You say some of the 24 players are playing another fall school sport or on a club softball team already? To be blunt, those kids don't have time for your fall program.

I'm going into the sixth week of a fall hitting program. We meet twice a week and have only 4-5 participants. Only 3 of those are consistently coming to both sessions each week. This program is to work on bat speed and contact quality - swinging fast and barreling up balls. We live in the batting cage for this work. It isn't a team practice and I'm trying to keep it fun but challenge each player individually. We play music, take our time between work sets, and since we are in the cage, we aren't wasting time chasing balls all over the field. Even though this is a low volume training program, I estimate these players are getting twice as much hitting training compared to our spring season.

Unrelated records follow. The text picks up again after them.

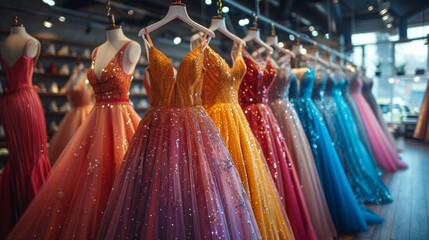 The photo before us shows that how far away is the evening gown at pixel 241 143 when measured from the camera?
1.68 metres

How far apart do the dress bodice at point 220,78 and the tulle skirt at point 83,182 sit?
49cm

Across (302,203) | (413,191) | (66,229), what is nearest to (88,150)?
(66,229)

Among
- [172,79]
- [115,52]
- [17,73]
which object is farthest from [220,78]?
[17,73]

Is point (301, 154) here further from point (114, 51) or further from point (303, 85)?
point (114, 51)

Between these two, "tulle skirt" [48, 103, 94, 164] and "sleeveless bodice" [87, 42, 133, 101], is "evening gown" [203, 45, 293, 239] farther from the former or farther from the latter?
"tulle skirt" [48, 103, 94, 164]

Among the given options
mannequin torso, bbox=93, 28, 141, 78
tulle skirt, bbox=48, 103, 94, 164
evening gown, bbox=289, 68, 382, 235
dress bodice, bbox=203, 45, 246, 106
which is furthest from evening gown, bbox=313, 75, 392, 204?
tulle skirt, bbox=48, 103, 94, 164

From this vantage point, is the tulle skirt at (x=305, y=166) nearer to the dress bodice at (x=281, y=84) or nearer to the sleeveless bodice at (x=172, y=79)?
the dress bodice at (x=281, y=84)

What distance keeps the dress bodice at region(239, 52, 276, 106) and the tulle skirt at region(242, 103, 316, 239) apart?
44 millimetres

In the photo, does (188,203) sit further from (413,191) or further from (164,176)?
(413,191)

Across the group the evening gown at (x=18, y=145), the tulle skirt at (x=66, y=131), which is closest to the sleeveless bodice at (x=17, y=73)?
the evening gown at (x=18, y=145)

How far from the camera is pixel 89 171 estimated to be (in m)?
1.71

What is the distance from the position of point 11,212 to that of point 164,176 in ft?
4.55

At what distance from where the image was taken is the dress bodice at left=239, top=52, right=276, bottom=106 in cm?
215

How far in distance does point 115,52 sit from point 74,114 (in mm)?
1611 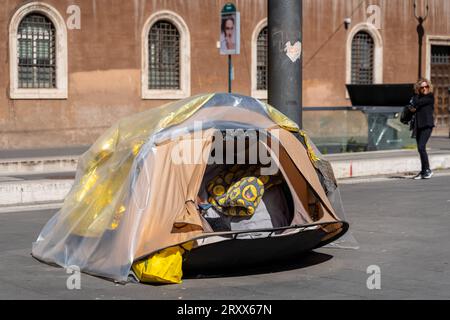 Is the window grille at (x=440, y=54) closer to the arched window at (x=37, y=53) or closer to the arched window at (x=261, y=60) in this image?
the arched window at (x=261, y=60)

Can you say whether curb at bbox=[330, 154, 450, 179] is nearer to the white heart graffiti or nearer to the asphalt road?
the white heart graffiti

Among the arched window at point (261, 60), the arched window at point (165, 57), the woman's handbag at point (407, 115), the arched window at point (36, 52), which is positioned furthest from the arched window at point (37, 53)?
the woman's handbag at point (407, 115)

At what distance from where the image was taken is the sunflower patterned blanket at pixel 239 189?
29.2 feet

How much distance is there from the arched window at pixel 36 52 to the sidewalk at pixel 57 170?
3.13 metres

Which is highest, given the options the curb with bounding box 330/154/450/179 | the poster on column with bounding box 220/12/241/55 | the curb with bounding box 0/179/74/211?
the poster on column with bounding box 220/12/241/55

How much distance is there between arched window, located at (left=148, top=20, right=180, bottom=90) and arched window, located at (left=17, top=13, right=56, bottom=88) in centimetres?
318

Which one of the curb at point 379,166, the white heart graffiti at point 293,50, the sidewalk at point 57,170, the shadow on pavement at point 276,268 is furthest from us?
the curb at point 379,166

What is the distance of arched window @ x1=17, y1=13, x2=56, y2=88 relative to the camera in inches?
958

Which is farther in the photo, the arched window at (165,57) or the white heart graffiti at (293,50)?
the arched window at (165,57)

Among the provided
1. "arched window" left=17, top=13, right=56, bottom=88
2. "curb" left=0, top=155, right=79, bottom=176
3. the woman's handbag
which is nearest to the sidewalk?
"curb" left=0, top=155, right=79, bottom=176

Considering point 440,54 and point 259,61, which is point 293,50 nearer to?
point 259,61

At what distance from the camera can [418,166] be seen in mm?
19219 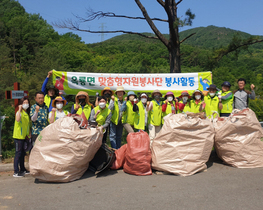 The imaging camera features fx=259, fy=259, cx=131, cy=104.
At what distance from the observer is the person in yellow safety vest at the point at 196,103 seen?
5383mm

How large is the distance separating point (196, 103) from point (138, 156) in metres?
1.86

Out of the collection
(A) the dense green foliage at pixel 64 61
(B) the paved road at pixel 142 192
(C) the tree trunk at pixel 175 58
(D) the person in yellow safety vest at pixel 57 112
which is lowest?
(B) the paved road at pixel 142 192

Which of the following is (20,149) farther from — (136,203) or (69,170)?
(136,203)

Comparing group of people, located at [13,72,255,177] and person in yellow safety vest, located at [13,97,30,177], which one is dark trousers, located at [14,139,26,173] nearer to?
person in yellow safety vest, located at [13,97,30,177]

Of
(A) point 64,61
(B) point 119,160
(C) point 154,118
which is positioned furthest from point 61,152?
(A) point 64,61

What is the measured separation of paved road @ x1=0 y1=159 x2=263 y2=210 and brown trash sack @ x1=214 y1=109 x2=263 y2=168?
0.20 m

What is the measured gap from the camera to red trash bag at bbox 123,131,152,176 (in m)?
4.39

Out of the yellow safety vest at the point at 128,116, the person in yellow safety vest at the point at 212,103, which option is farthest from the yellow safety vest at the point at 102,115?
the person in yellow safety vest at the point at 212,103

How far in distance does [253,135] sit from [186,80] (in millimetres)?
2647

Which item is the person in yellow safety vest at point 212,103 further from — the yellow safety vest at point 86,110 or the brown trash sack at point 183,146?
the yellow safety vest at point 86,110

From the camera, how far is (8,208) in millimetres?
3225

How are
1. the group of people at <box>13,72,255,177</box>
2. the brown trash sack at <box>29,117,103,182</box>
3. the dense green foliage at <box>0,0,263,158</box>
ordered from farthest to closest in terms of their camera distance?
1. the dense green foliage at <box>0,0,263,158</box>
2. the group of people at <box>13,72,255,177</box>
3. the brown trash sack at <box>29,117,103,182</box>

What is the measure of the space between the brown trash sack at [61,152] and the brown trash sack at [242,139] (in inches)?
92.2

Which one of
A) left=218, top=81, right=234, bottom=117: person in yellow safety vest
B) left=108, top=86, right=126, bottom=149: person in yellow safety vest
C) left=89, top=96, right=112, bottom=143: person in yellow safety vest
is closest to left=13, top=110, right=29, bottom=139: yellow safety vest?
left=89, top=96, right=112, bottom=143: person in yellow safety vest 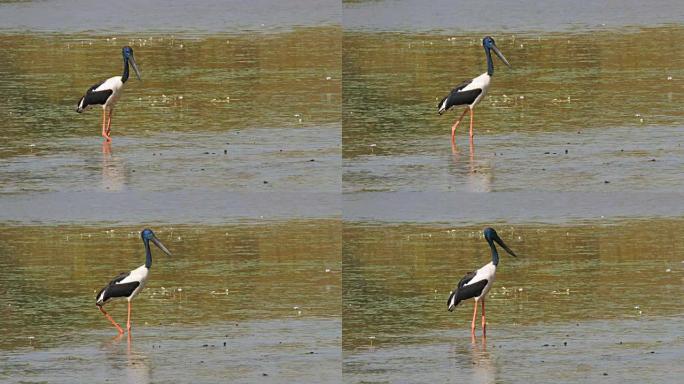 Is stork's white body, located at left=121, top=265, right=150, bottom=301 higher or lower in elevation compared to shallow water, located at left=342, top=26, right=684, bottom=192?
lower

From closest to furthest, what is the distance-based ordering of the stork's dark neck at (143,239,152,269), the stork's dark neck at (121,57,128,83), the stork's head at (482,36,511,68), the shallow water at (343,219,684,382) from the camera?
the shallow water at (343,219,684,382) → the stork's dark neck at (143,239,152,269) → the stork's dark neck at (121,57,128,83) → the stork's head at (482,36,511,68)

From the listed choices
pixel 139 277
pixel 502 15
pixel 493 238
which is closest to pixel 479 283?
pixel 493 238

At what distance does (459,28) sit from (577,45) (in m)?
1.37

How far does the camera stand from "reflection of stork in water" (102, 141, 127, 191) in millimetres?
17203

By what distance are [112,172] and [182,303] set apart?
4.20ft

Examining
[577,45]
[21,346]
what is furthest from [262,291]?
[577,45]

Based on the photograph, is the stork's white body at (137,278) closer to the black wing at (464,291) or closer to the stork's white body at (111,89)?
Answer: the stork's white body at (111,89)

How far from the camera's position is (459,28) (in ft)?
72.1

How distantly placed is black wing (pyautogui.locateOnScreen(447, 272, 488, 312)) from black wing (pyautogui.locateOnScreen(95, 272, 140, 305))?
2.74 m

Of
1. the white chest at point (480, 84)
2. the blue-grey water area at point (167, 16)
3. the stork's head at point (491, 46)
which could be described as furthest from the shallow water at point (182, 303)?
the blue-grey water area at point (167, 16)

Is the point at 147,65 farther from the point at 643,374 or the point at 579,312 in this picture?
the point at 643,374

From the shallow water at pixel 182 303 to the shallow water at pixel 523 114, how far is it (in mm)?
1076

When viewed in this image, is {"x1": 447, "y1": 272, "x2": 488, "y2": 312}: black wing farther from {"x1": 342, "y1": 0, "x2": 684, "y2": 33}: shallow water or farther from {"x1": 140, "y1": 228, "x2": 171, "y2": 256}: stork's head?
{"x1": 342, "y1": 0, "x2": 684, "y2": 33}: shallow water

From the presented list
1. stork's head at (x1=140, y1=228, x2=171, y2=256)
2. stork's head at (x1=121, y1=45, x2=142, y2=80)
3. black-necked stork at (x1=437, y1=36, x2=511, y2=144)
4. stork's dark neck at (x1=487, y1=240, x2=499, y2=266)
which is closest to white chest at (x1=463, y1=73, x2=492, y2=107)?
black-necked stork at (x1=437, y1=36, x2=511, y2=144) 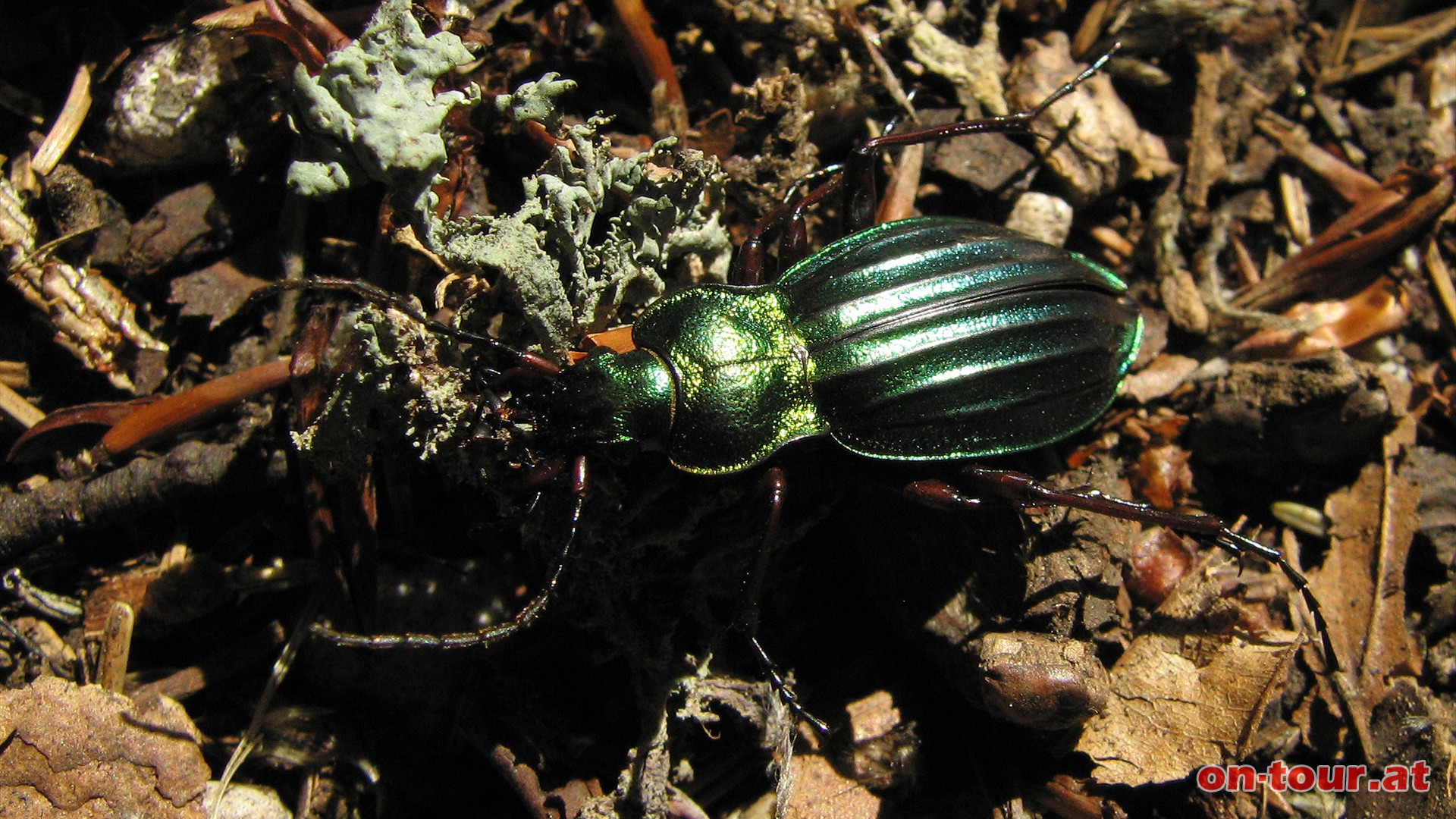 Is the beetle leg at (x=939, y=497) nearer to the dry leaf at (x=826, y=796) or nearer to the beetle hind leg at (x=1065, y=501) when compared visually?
the beetle hind leg at (x=1065, y=501)

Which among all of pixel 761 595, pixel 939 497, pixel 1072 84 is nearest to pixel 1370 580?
pixel 939 497

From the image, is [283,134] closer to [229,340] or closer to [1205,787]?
[229,340]

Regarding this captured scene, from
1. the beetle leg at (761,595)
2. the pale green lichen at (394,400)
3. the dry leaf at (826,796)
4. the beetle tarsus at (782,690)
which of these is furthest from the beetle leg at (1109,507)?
the pale green lichen at (394,400)

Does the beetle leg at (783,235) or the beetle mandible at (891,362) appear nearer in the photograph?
the beetle mandible at (891,362)

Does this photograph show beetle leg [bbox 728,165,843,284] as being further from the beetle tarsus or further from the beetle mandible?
the beetle tarsus

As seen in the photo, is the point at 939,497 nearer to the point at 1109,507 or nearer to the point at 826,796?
the point at 1109,507

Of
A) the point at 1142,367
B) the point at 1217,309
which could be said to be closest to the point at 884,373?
the point at 1142,367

I'm quite pleased with the individual player improvements, so it has been worthwhile to me despite the effort cost. I also think of it as providing a training opportunity to athletes who don't play on a club softball team or a fall sport. My plan had been to wrap up this week but my regular participants are asking to continue. That's a good feeling. But like YoungBuck said, the time, energy, and resource costs are high to me so I'll probably quit while I'm ahead . . .
That post was a good mirror of similar situation! Like it and it's intention!